External data and pre-taught neural networks were also banned. The main purpose of the aforesaid restriction was to narrow down the winning conditions to optimization of the model architecture and not the quantity of data for programming. Out of all the teams, the VisionLabs team created the most effective algorithm, Liveness, which is 97% accurate and can differentiate between a real person and a substitute in a 3D mask.

 

Liveness facial detection can distinguish between real and fake faces in an image. Several factors come into detecting a spoofing attack, such as teaching computer vision algorithms to spot a reflection on a phone screen containing the user's image, the edges of a mask, and so on.

 

The competition results were as follows:

 

- APCER – the percentage of undetected attacks in which the participants' algorithms recognized a fake as a real person;

- BPCER – the percentage of incorrectly identified persons, where the participants' algorithms recognized a real person as fake;

- ACER – average indicator of APCER and BPCER.

 

Dmitry Markov, CEO of VisionLabs: "The creation of high accuracy liveness algorithms even for such difficult spoofing attacks such as 3D masks, helps make computer vision-based solutions more widespread and affordable. We are proud of our team of researchers who continue to develop this theme from year to year and ensure the high security of VisionLabs products. In addition, the algorithms developed for fraud prevention strengthen our industrial solutions for the financial sector, retail, and transport, where facial recognition payment and distance verification is required."
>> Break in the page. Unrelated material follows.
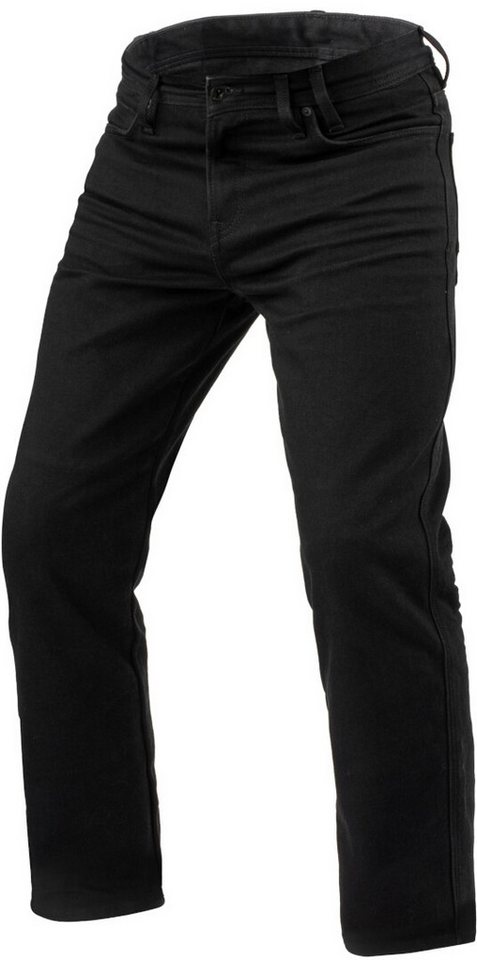 Revit Motorradhose Lombard 3 RF Motorrad Jeans Knieprotektoren enthalten von Revit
In 2019, the VisionLabs Liveness algorithms became the best for recognizing fake multimodal data with depth cameras, but in 2020 attack recognition using printed photos, videos from a phone screen or a tablet, 3D masks on a set of RGB frames.

 

Sergey Khodakov, the director of operations at the Skolkovo Foundation IT Cluster: "The Russian school of video analytics is traditionally one of the strongest in the world, and such events confirm this. Winning at the largest international competition, VisionLabs once again confirmed its status as one of the most professional developers of video analytics systems. In addition, the company's solutions and algorithms continually improve and allow us to fight fraud and make modern payment methods with biometric data more secure."

The VisionLabs algorithms, among other things, are used in the Moscow metro for the biometric identification of passengers. According to the second quarter of 2021, they showed the best result in terms of accuracy among their competitors. By the end of the year, a fare payment system is planned to be launched via Face Pay using facial recognition.